Digital ad spending continues to rise. Here’s the low down:

  • For the first time ever, the world’s advertisers will spend over half of their ad budgets on digital this year.
  • Google and Facebook will feast on 51% of this pie.
  • E-commerce is becoming a new battleground for advertising.

These are the conclusions of the global Digital Ad Spending 2019 report from eMarketer. Let’s dig into it now.

2019 is the tipping point year for digital ad spend

eMarketer data reports ad spending will rise this year and the four consecutive years following it, with digital grabbing a slightly bigger share each year.

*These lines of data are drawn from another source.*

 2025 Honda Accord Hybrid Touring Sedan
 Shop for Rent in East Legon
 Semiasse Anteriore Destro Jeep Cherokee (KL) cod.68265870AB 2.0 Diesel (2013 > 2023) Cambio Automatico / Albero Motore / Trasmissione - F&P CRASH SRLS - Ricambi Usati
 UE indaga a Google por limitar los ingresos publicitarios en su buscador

Interestingly, the U.S. lags behind seven other countries for digital ad spend. The report forecasts that China and the U.K. will have the most marked ratios, spending 69.5% and 66.4% respectively on digital during 2019.

Which companies are raking in the business?

No big surprise here: Google remains the largest seller of digital ads, accounting for 31% of the total, according to eMarketer, as of February 2019. Facebook is second and China-based Alibaba is a distant third.

As illustrated above, eMarketer labels Google and Facebook the ‘duopoly’ and it reports that its combined $171-billion revenues represents the majority of digital ad revenues across all channels. Instagram is a big contributor to the impressive growth of Facebook’s advertising revenue.

But is Amazon the story here?

Yes and no. While Amazon’s far from the largest earner of ad dollars, it’s the number one destination for e-commerce and, as the report says, “the primary product search engine.”

As such, Amazon’s ascent in terms of ad revenues is impressive.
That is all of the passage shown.